Pizarro: (lacht) Das habe ich auch gelesen.

Aber wenn der Experte Ailton das sagt, dann muss man das doch machen, oder?

Pizarro: Sagen wir es so: Wenn alles gut läuft, machen wir es vielleicht.

Am Samstag geht es wieder los für Werder. Erst kommt Borussia Dortmund nach Bremen, eine Woche später der FC Bayern.

Pizarro: Ja, die beiden leichtesten Gegner, die man in der Bundesliga haben kann (lacht). Es wird sehr schwierig für uns. Unser Vorteil ist, dass wir zu Hause spielen.

Vor der Saison hatten viele Dortmund als Konkurrenten der Bayern eingestuft, nun ist es Leipzig. Wird sich Ihr ehemaliger Klub am Ende doch durchsetzen?

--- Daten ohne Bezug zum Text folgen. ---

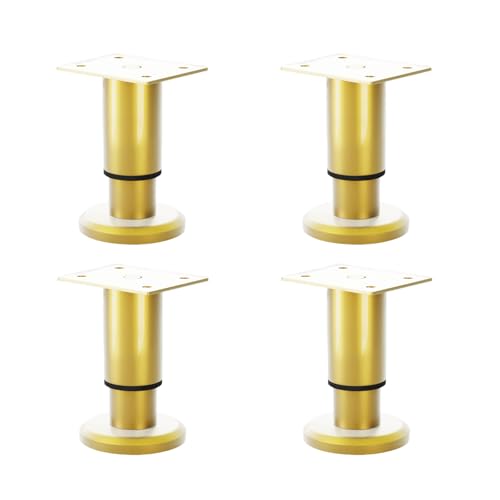 4pcs Goldfarbene Verstellbare Möbelbeine Einfach Zu Installieren Flexible Höhenstützen Stahlregal Für Verschiedene Einrichtungssofa Beinstrecker von Storage Bag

Pizarro: Die Dortmunder haben mich auch überrascht. Ich hatte gedacht, dass sie jetzt schon vorne mitmischen würden. Ob die Leipziger das eine ganze Saison lang durchhalten können, ist die Frage. Wenn sie es schaffen sollten, wäre es überragend. Aber ich glaube, am letzten Spieltag werden wieder die Bayern oben stehen.

Als Peruaner werden Ihnen die Namen Charly Körbel, Ata Lameck, Klaus Fichtel und Willi Neuberger vermutlich nichts sagen.

Pizarro: Nein, die kenne ich nicht. Wer sind die Männer?

Die gehören zum Klub der 500er. Jeder von ihnen hat mehr als 500 Bundesligaspiele, erst elf Spieler haben das geschafft.

Pizarro: Wow! 500, das ist stark. Wie viele habe ich?

418. Sie sind von allen aktuellen Bundesligaspielern der erste, der auch die 500 erreichen könnte. Das wäre doch mal ein Ziel.

Pizarro: Hm, das wird schwer (lacht).

Was haben Sie nach Ihrer Karriere vor?

Pizarro: Ich will auf jeden Fall im Fußball bleiben. Vielleicht wäre Manager eine Möglichkeit, Trainer eher nicht. Als Trainer musst du noch mehr Zeit aufbringen als ein Spieler. Der Trainer ist ständig unterwegs, muss alles analysieren. Ich brauche mehr Zeit für meine Familie. Meine Tochter macht schon Druck. Zum Glück sagt meine Frau: Lass Papa entscheiden.